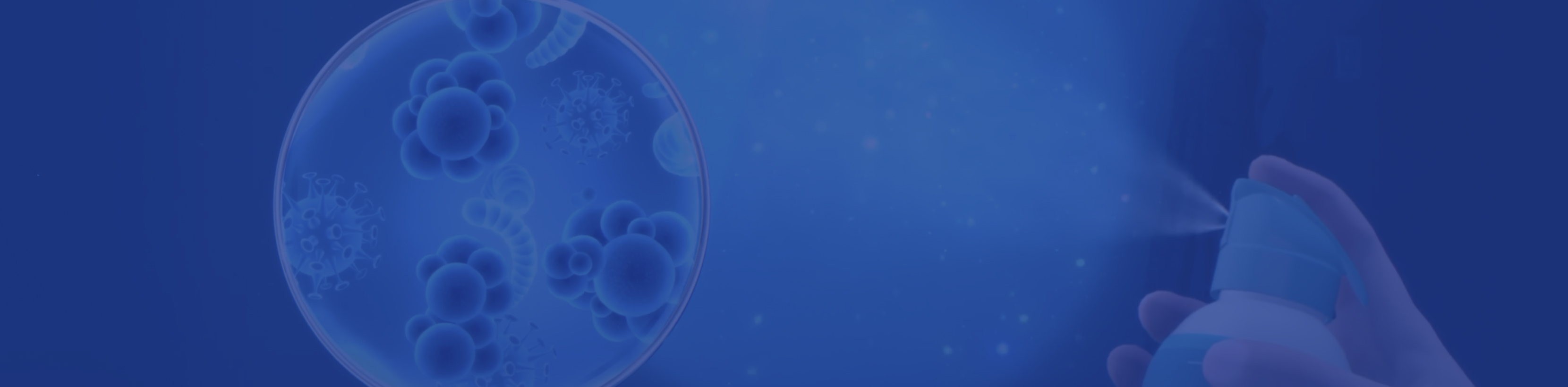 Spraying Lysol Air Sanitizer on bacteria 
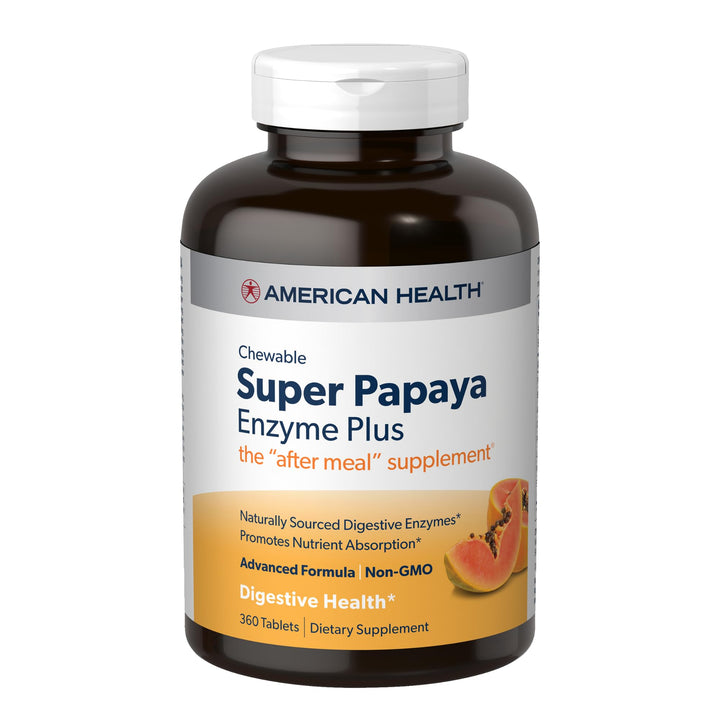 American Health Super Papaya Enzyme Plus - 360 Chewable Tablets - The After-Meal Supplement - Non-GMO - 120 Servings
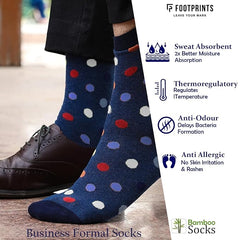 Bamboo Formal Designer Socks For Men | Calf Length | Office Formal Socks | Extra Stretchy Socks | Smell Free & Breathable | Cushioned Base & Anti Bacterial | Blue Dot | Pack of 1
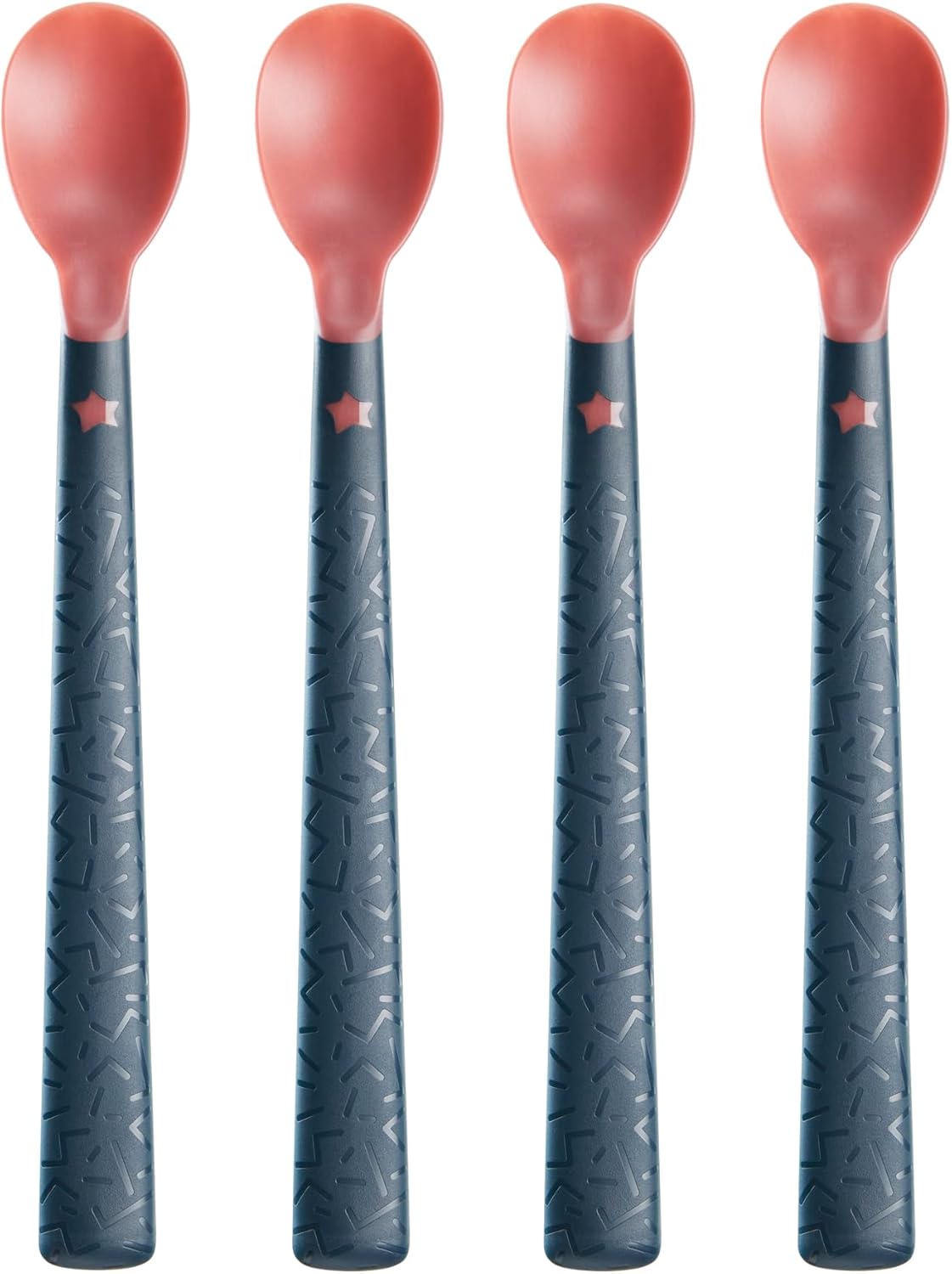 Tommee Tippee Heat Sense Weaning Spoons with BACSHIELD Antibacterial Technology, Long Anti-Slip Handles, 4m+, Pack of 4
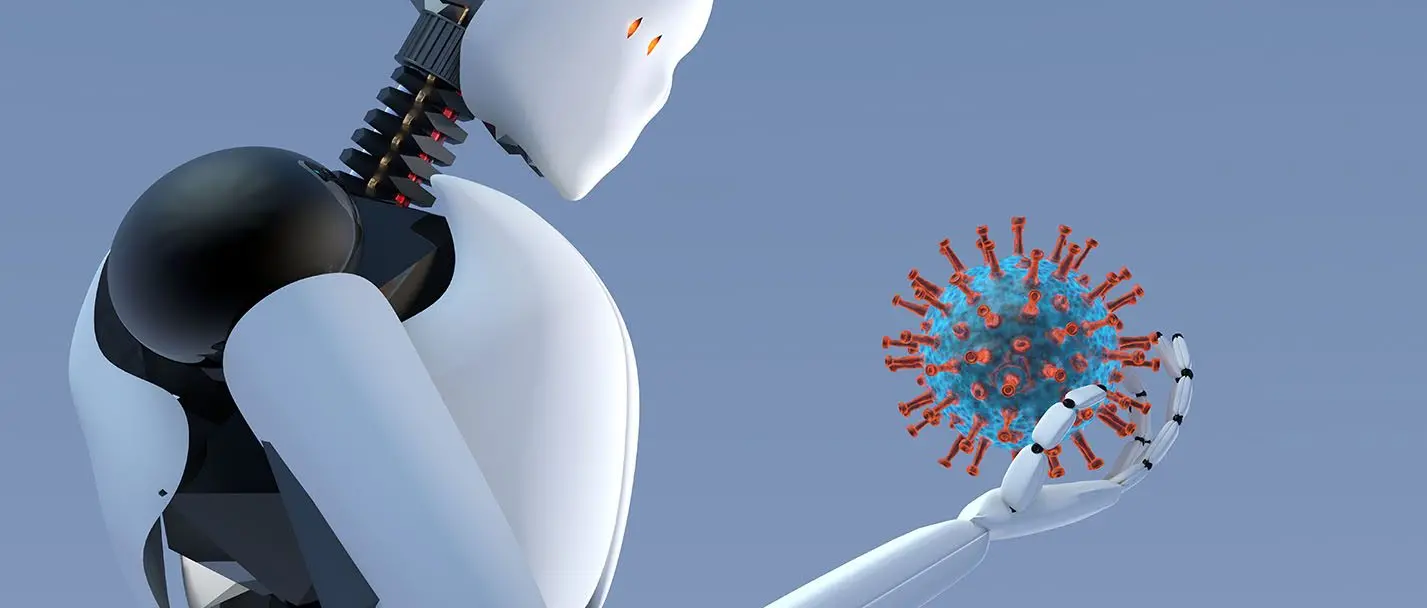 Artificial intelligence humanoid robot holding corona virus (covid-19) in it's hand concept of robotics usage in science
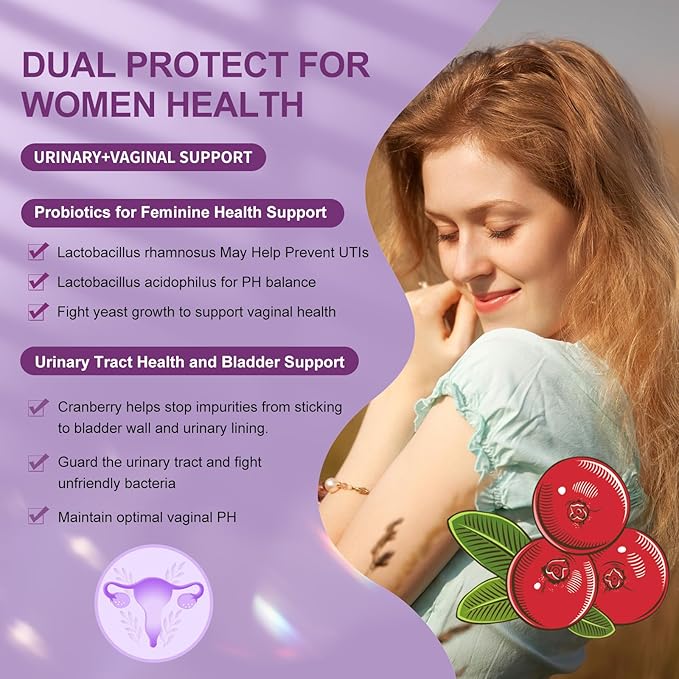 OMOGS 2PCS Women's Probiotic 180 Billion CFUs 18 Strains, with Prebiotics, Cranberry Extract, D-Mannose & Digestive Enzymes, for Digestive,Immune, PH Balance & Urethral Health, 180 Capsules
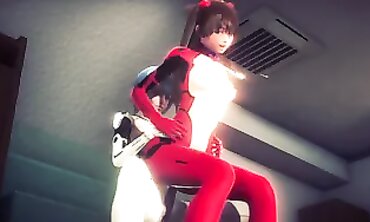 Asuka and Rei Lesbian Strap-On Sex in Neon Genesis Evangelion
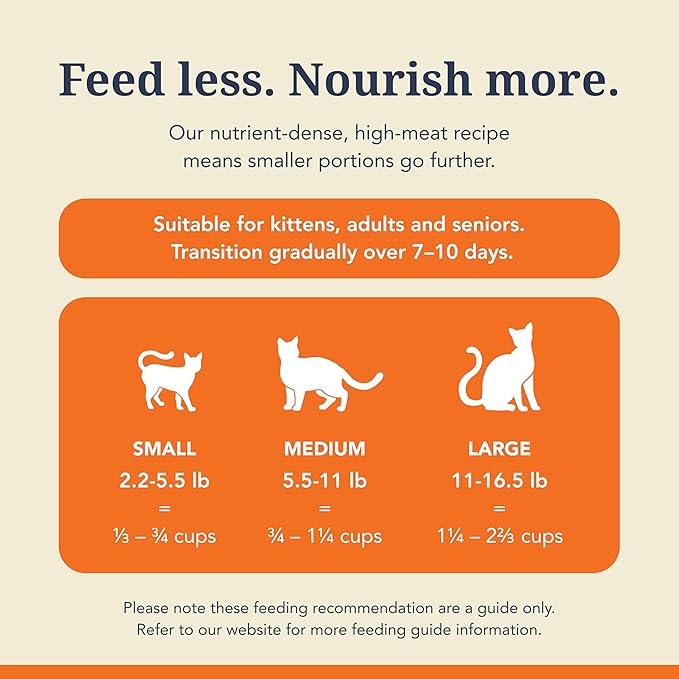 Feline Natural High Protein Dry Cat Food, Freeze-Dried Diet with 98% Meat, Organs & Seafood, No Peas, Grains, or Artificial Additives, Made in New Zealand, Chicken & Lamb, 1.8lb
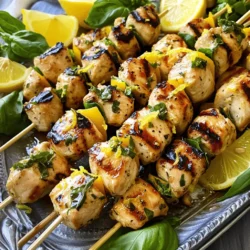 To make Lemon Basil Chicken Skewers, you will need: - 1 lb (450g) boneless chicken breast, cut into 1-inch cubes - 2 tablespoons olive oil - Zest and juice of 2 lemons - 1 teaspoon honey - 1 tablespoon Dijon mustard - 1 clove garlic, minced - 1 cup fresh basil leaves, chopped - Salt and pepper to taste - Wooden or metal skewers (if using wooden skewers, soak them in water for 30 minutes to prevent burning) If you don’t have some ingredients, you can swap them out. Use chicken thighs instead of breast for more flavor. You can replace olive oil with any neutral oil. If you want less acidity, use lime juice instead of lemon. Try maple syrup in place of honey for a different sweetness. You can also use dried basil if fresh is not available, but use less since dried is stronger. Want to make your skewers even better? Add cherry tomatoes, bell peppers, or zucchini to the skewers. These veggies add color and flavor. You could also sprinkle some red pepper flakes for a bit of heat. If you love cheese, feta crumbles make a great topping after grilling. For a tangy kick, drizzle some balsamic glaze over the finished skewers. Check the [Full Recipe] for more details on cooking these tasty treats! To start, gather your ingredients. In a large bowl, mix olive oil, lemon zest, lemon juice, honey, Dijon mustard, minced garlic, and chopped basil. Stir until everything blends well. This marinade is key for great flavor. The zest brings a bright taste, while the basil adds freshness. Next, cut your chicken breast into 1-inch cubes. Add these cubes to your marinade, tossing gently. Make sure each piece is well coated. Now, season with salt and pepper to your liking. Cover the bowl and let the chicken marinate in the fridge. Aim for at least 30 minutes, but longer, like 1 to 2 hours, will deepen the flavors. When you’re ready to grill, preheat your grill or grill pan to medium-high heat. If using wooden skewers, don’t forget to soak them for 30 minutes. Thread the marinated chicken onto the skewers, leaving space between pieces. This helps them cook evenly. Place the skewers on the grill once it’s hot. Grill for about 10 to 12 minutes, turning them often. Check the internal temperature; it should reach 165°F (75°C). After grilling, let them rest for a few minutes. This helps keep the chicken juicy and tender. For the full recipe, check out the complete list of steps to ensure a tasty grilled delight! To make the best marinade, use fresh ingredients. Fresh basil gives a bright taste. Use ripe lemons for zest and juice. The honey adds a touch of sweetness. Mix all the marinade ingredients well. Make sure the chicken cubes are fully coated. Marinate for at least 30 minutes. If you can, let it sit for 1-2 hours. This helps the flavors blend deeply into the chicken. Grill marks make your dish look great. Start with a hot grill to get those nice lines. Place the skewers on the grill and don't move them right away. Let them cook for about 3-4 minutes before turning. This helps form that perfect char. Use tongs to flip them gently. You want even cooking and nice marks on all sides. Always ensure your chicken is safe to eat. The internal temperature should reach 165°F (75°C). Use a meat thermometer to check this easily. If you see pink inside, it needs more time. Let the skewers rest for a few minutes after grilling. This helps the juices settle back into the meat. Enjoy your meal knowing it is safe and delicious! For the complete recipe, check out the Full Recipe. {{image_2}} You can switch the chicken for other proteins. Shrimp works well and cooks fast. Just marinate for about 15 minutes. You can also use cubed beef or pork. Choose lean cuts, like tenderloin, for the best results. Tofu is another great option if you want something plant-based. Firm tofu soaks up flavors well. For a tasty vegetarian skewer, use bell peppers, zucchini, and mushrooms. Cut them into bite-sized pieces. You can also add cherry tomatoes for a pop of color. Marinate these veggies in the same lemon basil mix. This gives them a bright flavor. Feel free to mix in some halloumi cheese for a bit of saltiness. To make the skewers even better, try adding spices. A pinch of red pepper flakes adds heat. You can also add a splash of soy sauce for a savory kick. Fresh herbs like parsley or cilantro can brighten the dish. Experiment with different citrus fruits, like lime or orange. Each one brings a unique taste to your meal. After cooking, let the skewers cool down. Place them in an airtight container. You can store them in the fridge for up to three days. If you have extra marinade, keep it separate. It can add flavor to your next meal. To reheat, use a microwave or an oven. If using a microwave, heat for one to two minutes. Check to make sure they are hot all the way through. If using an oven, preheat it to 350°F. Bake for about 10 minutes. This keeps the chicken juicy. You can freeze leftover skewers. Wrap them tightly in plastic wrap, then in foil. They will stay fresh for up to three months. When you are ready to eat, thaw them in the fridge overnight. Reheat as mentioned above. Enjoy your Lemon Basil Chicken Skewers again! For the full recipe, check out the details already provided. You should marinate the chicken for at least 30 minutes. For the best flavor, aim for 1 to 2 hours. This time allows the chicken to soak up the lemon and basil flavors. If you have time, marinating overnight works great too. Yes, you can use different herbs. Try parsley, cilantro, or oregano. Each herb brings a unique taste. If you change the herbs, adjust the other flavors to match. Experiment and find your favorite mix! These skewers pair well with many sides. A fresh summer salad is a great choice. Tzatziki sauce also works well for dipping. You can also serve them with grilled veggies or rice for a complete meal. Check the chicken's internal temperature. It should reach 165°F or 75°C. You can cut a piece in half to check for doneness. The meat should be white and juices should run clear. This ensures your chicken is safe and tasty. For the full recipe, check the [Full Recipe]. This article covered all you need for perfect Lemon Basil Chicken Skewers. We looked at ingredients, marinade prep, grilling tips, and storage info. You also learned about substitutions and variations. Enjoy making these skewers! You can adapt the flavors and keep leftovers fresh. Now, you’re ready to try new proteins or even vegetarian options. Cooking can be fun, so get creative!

- - -

> Problem to work on
Repeat each line of the material exactly, please, and skip every picture.

> Response to the task
 Spraying Lysol Air Sanitizer on bacteria 
 American Health Super Papaya Enzyme Plus - 360 Chewable Tablets - The After-Meal Supplement - Non-GMO - 120 Servings
 Bamboo Formal Designer Socks For Men | Calf Length | Office Formal Socks | Extra Stretchy Socks | Smell Free & Breathable | Cushioned Base & Anti Bacterial | Blue Dot | Pack of 1
 Tommee Tippee Heat Sense Weaning Spoons with BACSHIELD Antibacterial Technology, Long Anti-Slip Handles, 4m+, Pack of 4
 Artificial intelligence humanoid robot holding corona virus (covid-19) in it's hand concept of robotics usage in science
 OMOGS 2PCS Women's Probiotic 180 Billion CFUs 18 Strains, with Prebiotics, Cranberry Extract, D-Mannose & Digestive Enzymes, for Digestive,Immune, PH Balance & Urethral Health, 180 Capsules
 Asuka and Rei Lesbian Strap-On Sex in Neon Genesis Evangelion
 Feline Natural High Protein Dry Cat Food, Freeze-Dried Diet with 98% Meat, Organs & Seafood, No Peas, Grains, or Artificial Additives, Made in New Zealand, Chicken & Lamb, 1.8lb
 To make Lemon Basil Chicken Skewers, you will need: - 1 lb (450g) boneless chicken breast, cut into 1-inch cubes - 2 tablespoons olive oil - Zest and juice of 2 lemons - 1 teaspoon honey - 1 tablespoon Dijon mustard - 1 clove garlic, minced - 1 cup fresh basil leaves, chopped - Salt and pepper to taste - Wooden or metal skewers (if using wooden skewers, soak them in water for 30 minutes to prevent burning) If you don’t have some ingredients, you can swap them out. Use chicken thighs instead of breast for more flavor. You can replace olive oil with any neutral oil. If you want less acidity, use lime juice instead of lemon. Try maple syrup in place of honey for a different sweetness. You can also use dried basil if fresh is not available, but use less since dried is stronger. Want to make your skewers even better? Add cherry tomatoes, bell peppers, or zucchini to the skewers. These veggies add color and flavor. You could also sprinkle some red pepper flakes for a bit of heat. If you love cheese, feta crumbles make a great topping after grilling. For a tangy kick, drizzle some balsamic glaze over the finished skewers. Check the [Full Recipe] for more details on cooking these tasty treats! To start, gather your ingredients. In a large bowl, mix olive oil, lemon zest, lemon juice, honey, Dijon mustard, minced garlic, and chopped basil. Stir until everything blends well. This marinade is key for great flavor. The zest brings a bright taste, while the basil adds freshness. Next, cut your chicken breast into 1-inch cubes. Add these cubes to your marinade, tossing gently. Make sure each piece is well coated. Now, season with salt and pepper to your liking. Cover the bowl and let the chicken marinate in the fridge. Aim for at least 30 minutes, but longer, like 1 to 2 hours, will deepen the flavors. When you’re ready to grill, preheat your grill or grill pan to medium-high heat. If using wooden skewers, don’t forget to soak them for 30 minutes. Thread the marinated chicken onto the skewers, leaving space between pieces. This helps them cook evenly. Place the skewers on the grill once it’s hot. Grill for about 10 to 12 minutes, turning them often. Check the internal temperature; it should reach 165°F (75°C). After grilling, let them rest for a few minutes. This helps keep the chicken juicy and tender. For the full recipe, check out the complete list of steps to ensure a tasty grilled delight! To make the best marinade, use fresh ingredients. Fresh basil gives a bright taste. Use ripe lemons for zest and juice. The honey adds a touch of sweetness. Mix all the marinade ingredients well. Make sure the chicken cubes are fully coated. Marinate for at least 30 minutes. If you can, let it sit for 1-2 hours. This helps the flavors blend deeply into the chicken. Grill marks make your dish look great. Start with a hot grill to get those nice lines. Place the skewers on the grill and don't move them right away. Let them cook for about 3-4 minutes before turning. This helps form that perfect char. Use tongs to flip them gently. You want even cooking and nice marks on all sides. Always ensure your chicken is safe to eat. The internal temperature should reach 165°F (75°C). Use a meat thermometer to check this easily. If you see pink inside, it needs more time. Let the skewers rest for a few minutes after grilling. This helps the juices settle back into the meat. Enjoy your meal knowing it is safe and delicious! For the complete recipe, check out the Full Recipe. {{image_2}} You can switch the chicken for other proteins. Shrimp works well and cooks fast. Just marinate for about 15 minutes. You can also use cubed beef or pork. Choose lean cuts, like tenderloin, for the best results. Tofu is another great option if you want something plant-based. Firm tofu soaks up flavors well. For a tasty vegetarian skewer, use bell peppers, zucchini, and mushrooms. Cut them into bite-sized pieces. You can also add cherry tomatoes for a pop of color. Marinate these veggies in the same lemon basil mix. This gives them a bright flavor. Feel free to mix in some halloumi cheese for a bit of saltiness. To make the skewers even better, try adding spices. A pinch of red pepper flakes adds heat. You can also add a splash of soy sauce for a savory kick. Fresh herbs like parsley or cilantro can brighten the dish. Experiment with different citrus fruits, like lime or orange. Each one brings a unique taste to your meal. After cooking, let the skewers cool down. Place them in an airtight container. You can store them in the fridge for up to three days. If you have extra marinade, keep it separate. It can add flavor to your next meal. To reheat, use a microwave or an oven. If using a microwave, heat for one to two minutes. Check to make sure they are hot all the way through. If using an oven, preheat it to 350°F. Bake for about 10 minutes. This keeps the chicken juicy. You can freeze leftover skewers. Wrap them tightly in plastic wrap, then in foil. They will stay fresh for up to three months. When you are ready to eat, thaw them in the fridge overnight. Reheat as mentioned above. Enjoy your Lemon Basil Chicken Skewers again! For the full recipe, check out the details already provided. You should marinate the chicken for at least 30 minutes. For the best flavor, aim for 1 to 2 hours. This time allows the chicken to soak up the lemon and basil flavors. If you have time, marinating overnight works great too. Yes, you can use different herbs. Try parsley, cilantro, or oregano. Each herb brings a unique taste. If you change the herbs, adjust the other flavors to match. Experiment and find your favorite mix! These skewers pair well with many sides. A fresh summer salad is a great choice. Tzatziki sauce also works well for dipping. You can also serve them with grilled veggies or rice for a complete meal. Check the chicken's internal temperature. It should reach 165°F or 75°C. You can cut a piece in half to check for doneness. The meat should be white and juices should run clear. This ensures your chicken is safe and tasty. For the full recipe, check the [Full Recipe]. This article covered all you need for perfect Lemon Basil Chicken Skewers. We looked at ingredients, marinade prep, grilling tips, and storage info. You also learned about substitutions and variations. Enjoy making these skewers! You can adapt the flavors and keep leftovers fresh. Now, you’re ready to try new proteins or even vegetarian options. Cooking can be fun, so get creative!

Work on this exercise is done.